El PVC (policloruro de vinilo) es una combinación química de carbono, hidrógeno y cloro. Sus componentes provienen del petróleo bruto (43%) y de la sal (57%). Se obtiene por polimerización del cloruro de vinilo, cuya fabricación se realiza a partir de cloro y etileno. Es un material termoplástico, es decir, bajo la acción del calor (140° a 205°) se reblandece, pudiendo moldearse fácilmente; cuando se enfría recupera la consistencia inicial conservando la nueva forma.

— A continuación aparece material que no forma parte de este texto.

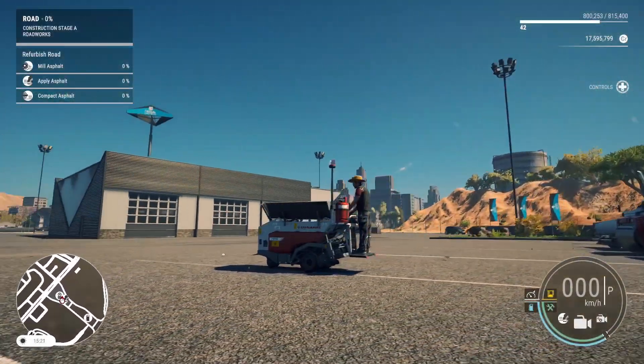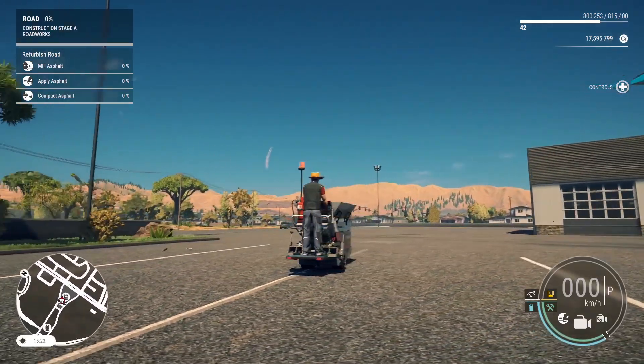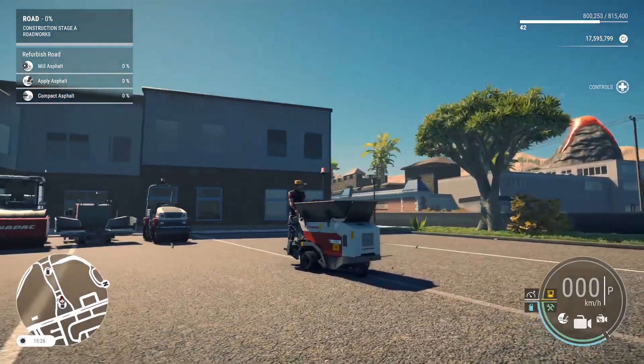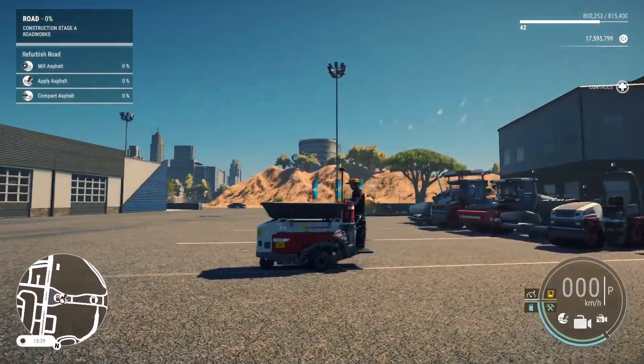Introducing the brand new Dynapak F80W Asphalt Paver — the smallest and most agile asphalt paver in the game so far. Perfect for tight urban environments, this mini paver brings precision and efficiency to your paving projects.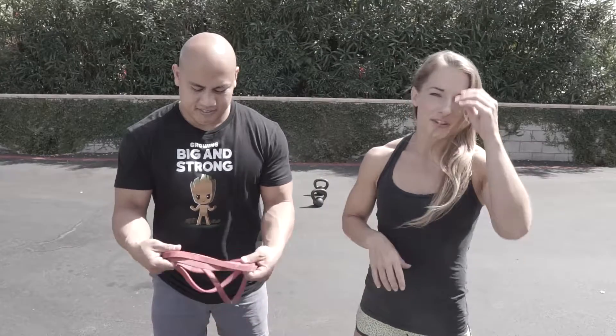Hey y'all, welcome to day 27 of Strongtoberfest. Today is challenge day. We're going to be doing a double front rack banded kettlebell walk — lots of stuff going on here. Let's talk about the setup.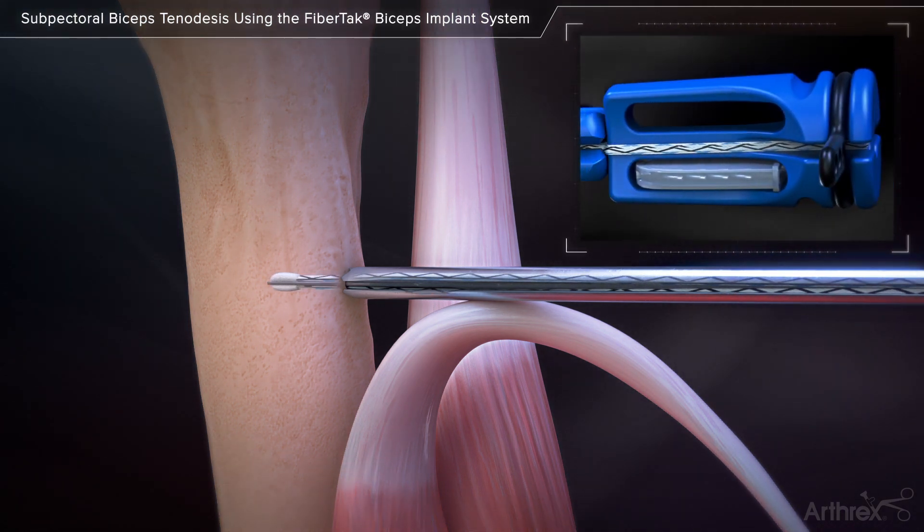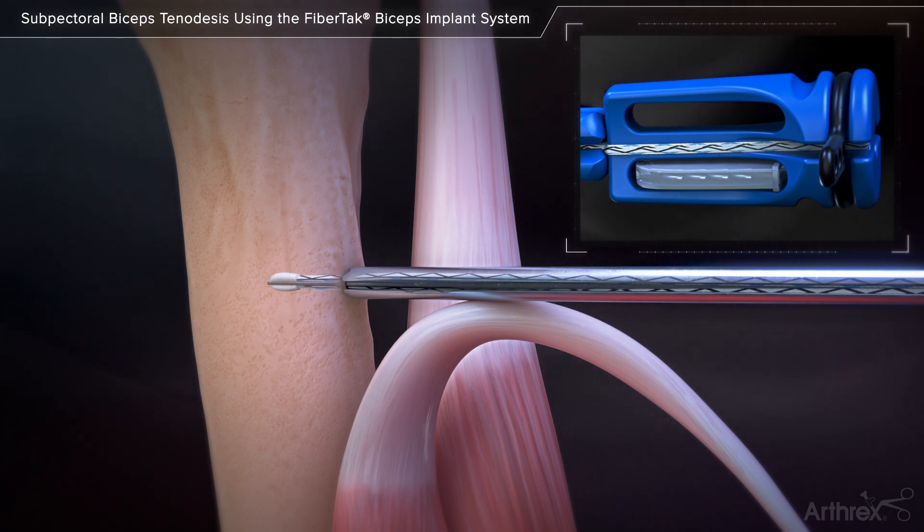Lightly tap on the inserter handle to advance the implant into bone. The implant is fully inserted once the inserter handle is flush with the drill guide.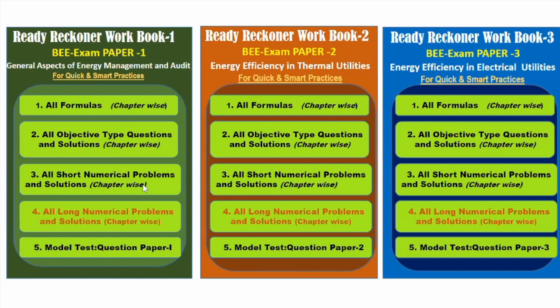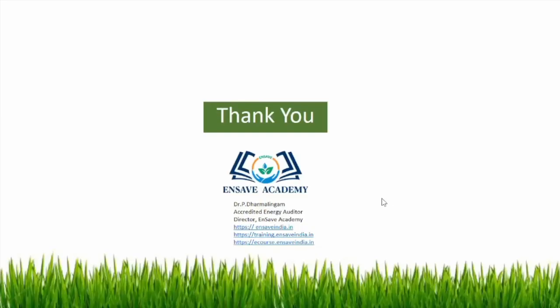Section three covers five-mark short numerical questions, and all the numerical problems given in the reference books are solved chapter-wise. Similarly, long numerical questions are also solved and listed in sequence — that is the fourth section. Section four is in video form where you can watch step-by-step lecture solutions. The last section is a model test for paper one where answers are given so you can solve and compare. This workbook is fully concentrated on numerical problems and important formulas, saving time for quick exam preparation.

Se utiliza mayoritariamente en aplicaciones de larga duración (sólo la industria de la construcción absorbe el 55% de la producción total de PVC). El 64% de sus aplicaciones tienen una vida útil entre 15 y 100 años (tubos, puertas, ventanas, persianas, muebles, etc.)
El PVC es el polímero de menor consumo energético y el menos dependiente del petróleo. La producción del PVC está sometida a una continua mejora y modernización en instalaciones y procesos, con unos sistemas de medida y control sumamente rigurosos, alcanzando valores compatibles con los estándares de calidad, seguridad y de respeto al medio ambiente.
Además de su versatilidad, el PVC ocupa un lugar privilegiado en la familia de los plásticos por su interesante conjunto de propiedades, pues es un material ligero, resistente, inerte y completamente inocuo, con buen comportamiento al fuego (no propaga la llama, es auto extinguible), impermeable, aislante (térmico, eléctrico y acústico), resistente a la intemperie, protege los alimentos, es fácil de transformar y es totalmente reciclable.